By Steve Pickthall

Mcvites no 1 was an answer to an urgent motive power crisis on the nascent FBCR line in Norfolk.  Terry, then aged 13, had bought a Mamod kit from our near neighbours at Brandbright (what did he start?) and some track, which we had laid, but the Mamod was being a typical Mamod in its reliability, so when Terry saw an advert for the Atlas 0-6-0 O gauge switcher locos in Garden Rail saying “easily Kit bashed for 16 mm”, he bought one.

Initially used straight out of the box on 12 volt rail power the chassis proved well up to work in the garden and one Saturday whilst watching the incongruous sight of an American outline standard Gauge loco pulling a Mamod coach and brake van, along with an early Brandbright Ashbury coach, I decided to see if the Atlas was “easily kit bashed”.

Terry did not want the original body modifying (he still has it!). and I had never  built a loco body, but having experience of soldering and some training in Tin bashing in my apprentice days, I looked for suitable material and “borrowed” my wife`s sewing  tin. Tin snips, pliers, hand drill and an old soldering iron heated by a blowlamp were the only tools used and like Topsy, it just grew over the afternoon (what drawings? ) working its first train, with wet paint, the same evening. The radiator grille is part of an (old?) sieve again borrowed from the kitchen, the nameplate on the bonnet is from a redundant stereo cartridge, the exhaust pipe  is copper tube and copper pipe fittings.

After a short while being track powered (via a car battery in the shrubbery and a OO H&M controller) conversion to battery power took place; 9.6 volts worth of Nicads were located in the Mamod brake van .Control is via a reversing switch and a two position speed controller using an RS components voltage regulator to drop the voltage to 5 volts for the slow speed. Extension levers were soldered to the miniature toggle switches to represent control levers.

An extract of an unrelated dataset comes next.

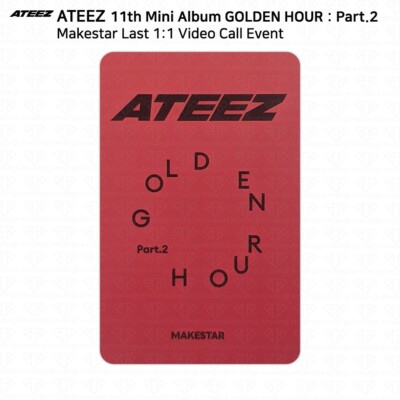 ATEEZ Golden Hour Part.2 Makestar Last Video Call Event Photocard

It was made to represent a small industrial  2 foot gauge diesel “bodged “ together by a railway short of funds (prototypical for the FBCR at the time).

It works well, running at scale speeds for passenger and freight services with at least 2 hours run time now from modern AA cells. I did not expect it to be still working reliably with very little attention over 20 years later, after working on 3 railways, and now 3 generations of driver.

Why Mcvites no 1? The sewing tin I borrowed was a biscuit tin.